If you’re curious about just how the Diablo III Auction House is going to work, with all its in game gold and real life scratch, Blizzard has posted a detailed layout of how this is all going to come together. This is basically a getting started guide but I found some pretty handy info here.

Like:

Before you post your auction, you’ll see any fees that apply to your listing displayed in the center section of the Sell tab. These fees will only be charged if your auction successfully sells, and will automatically be deducted from the item’s final selling price.

There are a lot of fees involved.

So, basically, like PayPal and eBay. This all feels really dirty to me for some reason, but I suppose this is better than people going to eBay and hawking these fake swords and magical doo-dads and eBay getting the cut and not Blizzard.

Sidenote: If you spend real money on an item in Diablo III we can no longer be friends, by the way.

Really.

Thanks PA Report.

9 Responses to “Diablo III Auction House Explained”

  1. Gormongous May 2, 2012 at 6:20 am #

    Does that mean we’re friends right now? Like, we could get together on Saturday and do a tag-team playthrough of The Witcher 2?

    Also, the sinking feeling in my gut says that you’ll be pretty short on friends once Diablo III launches. For some people, the narrative of finding the gear matters more, but most just like to see it in action and will pay to experience that as often as possible.

    • jefftalor May 2, 2012 at 11:50 am #

      Money is just a substitute for grinding time. If you want that great sword of awesomeness do you want to grind 10 hours or pay $10?

      • BlackAdderBG May 3, 2012 at 11:31 am #

        But what is the point to buy “great sword of awesomeness”?To grind “awesome great sword of awesomeness”? :D

  2. SethD04 May 2, 2012 at 11:49 am #

    I spent the extra $40 for the collector’s edition… the main reason being the exclusive in-game aesthetic enhancements. Are we enemies now?

    • Bill Abner May 2, 2012 at 1:12 pm #

      Hah, ok, a clarification.

      I don’t begrudge anyone for spending $$ on a game. Be it an expensive CE box set or a $10 DLC. We all play and buy games here. A quick peek at my basement and the included boardgame collection says a lot about how I spend my disposable income.

      That said, using real $$ to buy in game loot in a game like Diablo is the ultimate sucker bet. I have several friends who spent real $$ on WoW items — one guy dropped $110 for an item that he used for 4 days until he found a better one.

      Using real $$ also mucks up the in game economy, especially when things like PvP are involved.

      It’s like that scene in Evil Dead.

      “It’s a trick, get an axe.”

  3. Caralon May 2, 2012 at 12:13 pm #

    What if I play Diablo and SELL my items for real money?
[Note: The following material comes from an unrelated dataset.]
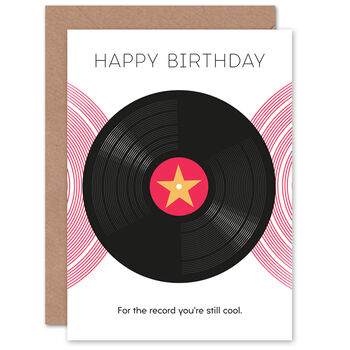 Pink Vinyl For The Record Happy Birthday Card, 2 of 4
    • Bill Abner May 2, 2012 at 12:44 pm #

      Then we’re good. In fact — deftly played.

  4. Ivan Kopecek May 2, 2012 at 10:54 pm #

    Buying Diablo III to sell items in AH to pay the next expansions and SC2 … let’s see how long it will take me …

  5. Averice May 3, 2012 at 4:25 am #

    I didn’t like the idea at all at first, but after awhile, be it apathy or epiphany, I just stopped caring. If some people are going to have more fun that way, then that’s great good for them, I won’t be grouping with randoms, and if my friends want to buy something then well, they’re my friends.
    I’ll still be buying things off the of the gold AH, and if I ever really want something off the RMAH then I can sell gold for $$. It really just seems like buying something with US Dollars or Canadian dollery doo’s, I may be using more of one to buy it, but the end value is still the same.